4. Mai 2020: Liebe und Hass

Vor knapp drei Wochen schickte meine in die USA ausgewanderte Schulfreundin Stefanie, die Sie aus zwei Tagebucheinträgen schon kennen, wieder einen sehr berührenden Text. Darin schreibt sie, wie stark sich die Coronakrise auf den persönlichen, ganz privaten Bereich auswirkt – manche Dinge positiv, andere im negativen Sinne. Und dann gibt es noch jenes große Ganze, das wir gerne aus dem Blick verlieren.

Seit Stefanies Mail bei uns eingetrudelt ist, verspricht mir der Kernölbotschafter immer wieder, dass er sich um eine literarisch wertvolle (das ist ihm ja ach so wichtig!) Übersetzung kümmert. Bis heute blieb es bei der heißluftigen Ankündigung, was mich aber nicht besonders wundert. Diese Gau … äh … Schriftstellerkollegen der leichten Muse sind immer schnell vorn dabei, wenn es um Halli Galli, Ramba Zamba und noch viele andere komödiantische Einlagen geht. Artet aber etwas in echte Arbeit aus, bastelt er lieber stundenlang an einem Video, so wie gestern.

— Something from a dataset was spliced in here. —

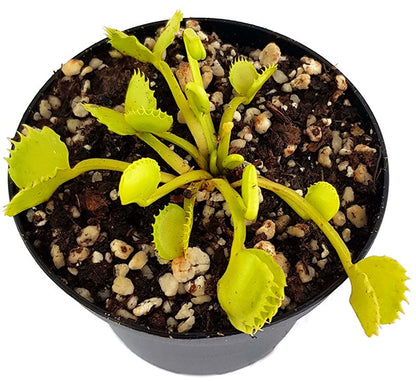 Dionaea muscipula &quot;Werewolf&quot;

Wäre der KB heute in der Redaktion, hätte er auch keine Zeit. Er würde sagen: Mein lieber HG, ich war gestern bis nach 23 Uhr hier, um die einzigartige, tiefschürfende Kombination aus Text, Video und gruppendynamischer Arbeit für unser Tagebuch fertigzustellen. Weil mir das so außerordentlich erfolgreich gelungen ist, habe ich mir heute einen freien Tag verdient! Und weg wäre er gewesen.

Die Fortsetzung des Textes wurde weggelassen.